One problem that falls into the PLS category is the task of planning a route that allows you to visit some fixed number of cities with the shortest travel distance possible given that you can only ever change the trip by switching the order of any pair of consecutive cities in the tour. It’s easy to calculate the length of any proposed route and, with a limit on the ways you can tweak the itinerary, it’s easy to see which changes shorten the trip. You’re guaranteed to eventually find a route you can’t improve with an acceptable move—a local minimum.
The second subset of problems is PPAD (polynomial parity arguments on directed graphs). These problems have solutions that emerge from a more complicated process called Brouwer’s fixed point theorem. The theorem says that for any continuous function, there is guaranteed to be one point that the function leaves unchanged—a fixed point, as it’s known. This is true in daily life. If you stir a glass of water, the theorem guarantees that there absolutely must be one particle of water that will end up in the same place it started from.
The intersection of the PLS and PPAD classes itself forms a class of problems known as PLS int PPAD. It contains many natural problems relevant to complexity researchers. However, until now, researchers were unable to find a natural problem that’s complete for PLS int PPAD—meaning that it is an example of the hardest possible problems that fall within the class.
Prior to this paper, the only known PLS int PPAD-complete problem was a rather artificial construction—a problem sometimes called “Either-Solution.” This problem glued together with a complete problem from PLS and a complete problem from PPAD, forming something a researcher would be unlikely to encounter outside this context. In the new paper, the researchers proved that gradient descent is as hard as Either-Solution, making gradient descent itself PLS int PPAD-complete. None of this means that gradient descent will always struggle. In fact, it’s just as fast and effective as ever for most uses. Goldberg also said:
“There’s a slightly humorous stereotype about computational complexity that says what we often end up doing is taking a problem that is solved a lot of the time in practice and proving that it’s actually very difficult.”
But the result does mean applied researchers shouldn’t expect gradient descent to provide precise solutions for some problems where precision is important.
The question of precision speaks to the central concern of computational complexity—the evaluation of resource requirements.
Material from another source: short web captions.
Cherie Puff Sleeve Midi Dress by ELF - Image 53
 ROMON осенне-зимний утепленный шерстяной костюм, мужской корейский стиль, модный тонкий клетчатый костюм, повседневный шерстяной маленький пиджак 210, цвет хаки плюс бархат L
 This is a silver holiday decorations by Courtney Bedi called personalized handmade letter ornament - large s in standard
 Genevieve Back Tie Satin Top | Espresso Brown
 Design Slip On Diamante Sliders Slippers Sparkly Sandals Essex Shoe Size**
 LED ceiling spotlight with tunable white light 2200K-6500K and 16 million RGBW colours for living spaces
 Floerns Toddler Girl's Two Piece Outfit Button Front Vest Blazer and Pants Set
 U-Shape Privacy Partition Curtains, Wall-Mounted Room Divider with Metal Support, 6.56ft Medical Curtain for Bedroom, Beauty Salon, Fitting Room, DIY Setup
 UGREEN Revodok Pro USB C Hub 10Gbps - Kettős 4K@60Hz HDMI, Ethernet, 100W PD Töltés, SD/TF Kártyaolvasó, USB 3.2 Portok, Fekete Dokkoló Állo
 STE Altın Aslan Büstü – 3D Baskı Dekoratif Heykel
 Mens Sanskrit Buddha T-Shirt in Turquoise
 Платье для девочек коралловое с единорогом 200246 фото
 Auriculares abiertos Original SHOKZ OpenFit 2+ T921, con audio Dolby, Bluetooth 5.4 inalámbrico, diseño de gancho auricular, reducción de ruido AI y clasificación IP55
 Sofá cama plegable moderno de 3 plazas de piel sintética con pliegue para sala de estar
There is a fundamental link between precision and speed in many complex questions. For an algorithm to be considered efficient, you must be able to increase the precision of a solution without paying a correspondingly high price in the amount of time it takes to find that solution. The net result means that for applications that require very precise solutions, gradient descent might not be a workable approach.
For example, gradient descent is often used in machine learning in ways that don’t require extreme precision. But a machine learning researcher might want to double the precision of an experiment. In that case, the new result implies that they might have to quadruple the running time of their gradient descent algorithm. That’s not ideal, but it is not a deal-breaker.
But for other applications, like in numerical analysis, researchers might need to square their precision. To achieve such an improvement, they might have to square the running time of gradient descent, making the calculation completely intractable. They must, and in practice do compromise somewhere. They either accept a less precise solution, limit themselves to slightly easier problems, or find a way to manage an unwieldy runtime.
But this is not to say a fast algorithm for gradient descent doesn’t exist. It might. But the result does mean that any such algorithm would immediately imply the existence of fast algorithms for all other problems in PLS int PPAD—a much higher bar than merely finding a fast algorithm for gradient descent itself.